What Could Have Been And What Was
1] In the 1991 film Cabeza de Vaca we are given an unconventional view of Spaniards in America during the 16th century. We do not see grand conquests, epic battles, or wealth beyond measure. Instead, we see an America stripped of all myth and portrayed in its crude truth. From the start the characters are not aiming at riches and glory but at simple survival. We follow this path of survival and coexistence for the duration of the film, and then, when we have almost forgotten that conquest existed, it is thrown back into plain view. We see riders in the desert and a return to a Spanish camp. In this camp we are given the campfire sequence and a speech that brings all the clouding of American myth right back. The film is very sparse in its use of dialogue, and Dorantes’ speech during this sequence is one of the most extensive dialogues in the film. Why would this sequence require the amount of attention that it receives in the film? On the surface this scene is just a series of lies, but the odd and extensive dialogue, working with the powerful visuals, reveals several important observations.
2] The scene opens with Dorantes and Castillo socializing with the other Spaniards around a campfire. Cabeza de Vaca and Estabanico do not join the group but, instead, sit on the edge of the fire’s glow. Instantly we see a reluctance of these two men to return to Spanish society. Dorantes and Castillo, on the other hand, have quickly returned to a state of full Spanish comfort. They wear pompous Spanish clothing; they drink wine from a Spanish cup and seem fully re-assimilated socially. Cabeza de Vaca and Estabanico not only decline to join in on the conversation but also have rejected the Spanish luxuries available to them. They remain in their simple native clothing, and instead of drinking wine with the others, they use water to bathe. Their bathing shows an appreciation of simple resources such as water, which they have come to appreciate during their journey. This bathing also seems to be an act of disgust at their Spanish reunion. The action implies that they feel a dirtiness that they wish to cleanse, and the source of this tarnish is the actions of the other Spaniards.
3] Dorantes and Castillo become the center of the Spaniards’ attention. Dorantes stands above the rest in a position of power. Even the Spanish captain sits at his feet and listens to him attentively. When a Spaniard asks about the sights they have seen in the eight-year journey, he goes silent. We expect him to relay some of the adventures that we have seen the men go through, but we are surprised by a series of extravagant lies. These lies center upon the common legends about the Americas from cities of gold to fountains of youth. Though Dorantes knows these things to be false, he decides to spread these rumors anyway. He feeds the men what they want to hear. We are confused by this action at first, but we are given a series of short images that seem to convey the reason for Dorantes’ actions. First, we are given a close-up shot of a Spanish man’s face. At the mention of the fountain of youth, we see the man’s gaze light up. His look shows signs of longing and desire, and this idea is expanded by the fire’s image flickering upon his face. Dorantes then holds out his hand to point towards imaginary cities of gold, and we see him in the stereotypical pose of the conquistadors.

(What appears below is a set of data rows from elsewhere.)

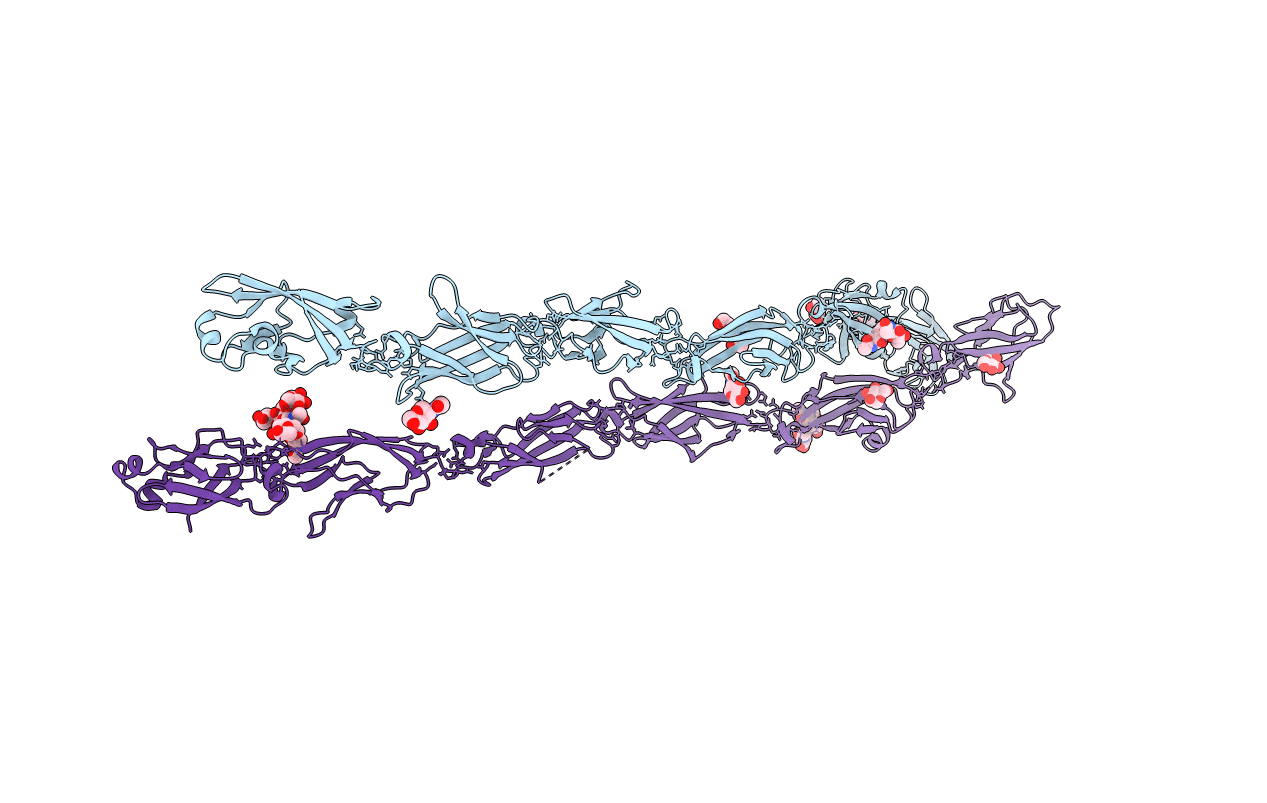 6E6B image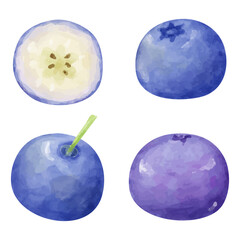 水彩画風のブルーベリーの粒と切断面のイラスト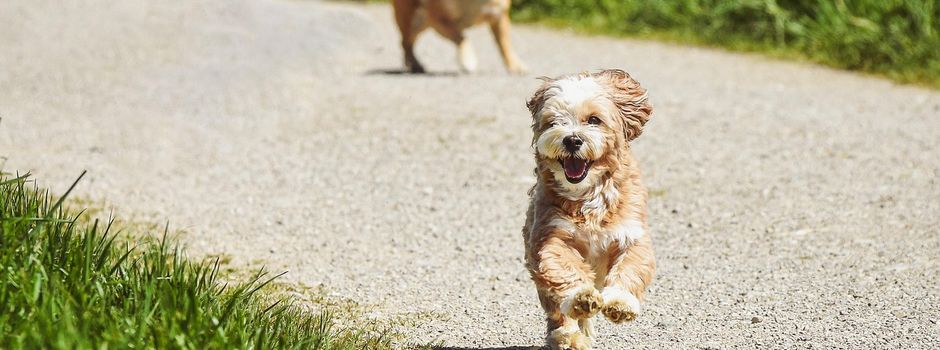 Fälligkeit der Hundesteuer am 01. April 2026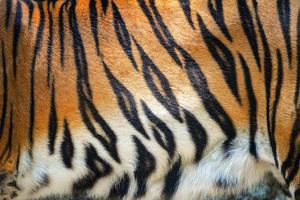 padrão de tigre linda textura de tigre de bengala real padrão de listras pretas laranja para plano de fundo foto
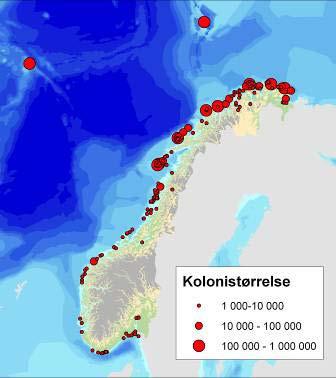 Figur D-2 Store sjøfuglkolonier på fastlandet, Svalbard, Bjørnøya og Jan Mayen (DN & HI, 2007).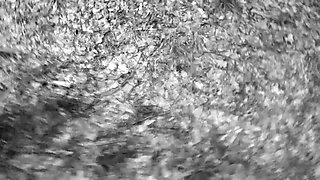 Pet Girl Obedience Training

He at this moment resembles Columbus and the other conquerors after him, pointing towards the horizon at the head of a group of men who long for gold and riches. He is telling these lies because through them he is gaining followers, gaining power. This linguistic power he is gaining is the destructive power of the conquistadors who stand in stark contrast to Cabeza de Vaca who gained his followers through the power of healing. This further separates Cabeza de Vaca from his fellow countrymen.
4] The next series of lies that Dorantes tells are lies of sexual exoticism. He makes a variety of bizarre claims. These include being “forced to fuck women with three tits” and being given a potion that gave him “the fucking power of 20 mules.” In a film so stingy in its use of dialogue, these statements are more than just displays of Dorantes' despicable deceit. These statements are symbolic of the forces motivating the conquest in general. These sexual exploits are put forward in the same speech that promises riches, and the Spaniards seem enraptured by the promise of both. It is common when examining conquest to connect it to male desire. The act of conquest can be seen as stemming directly from the male sex drive, and again we see the persistent image of America as a native princess wanting to be taken. We are given a scene earlier in the film, however, which directly contrasts to these sexual descriptions. Instead of the wild and lusty sexual oddities described, we are given a scene in which Dorantes sleeps passionately with a native woman. The sequence shows Cabeza de Vaca and his companions in community with the natives. This scene is very idyllic and peaceful, and the fact that Dorantes replaces this experience for such disrespectful lies back in the Spanish camp is a sad reminder. The previous scene presents the ideal situation that could be, but shows how it will be warped by a lust for power. It is also ironic that Dorantes claims to have been sexually forced when, historically, in fact the Spaniards sexually forced native Americans.
5] Dorantes also makes an ironic reference to the Bible. In his list of fantastic things he has seen is “manna from God.” This is an allusion to the food that fell from the sky when the Jewish peoples were wandering the desert in search of the Promised Land. This statement likens their journey to the biblical quest for the Promised Land. This is a classical sentiment, as the Spaniards were fond of believing they were destined by God to conquer this new land. Nothing like manna was offered for these men on their journey, however, and instead of eating manna from God they are forced to eat each other at some points.
6] Watching all of this Cabeza de Vaca says, “Estabanico, Why don’t we tell the true story?” This statement is sadly futile, because we know that this truth will not affect the course of the future. Cabeza de Vaca here is sitting with a slave, and just as Estabanico was once free and now is back in slavery, so is Cabeza de Vaca back into the constraints of his society, and his words will not be able to move the masses like the lies of Dorantes have. We have his “truth,” written in The Account, but it serves only as a reminder of other paths the future might have taken, but sadly did not.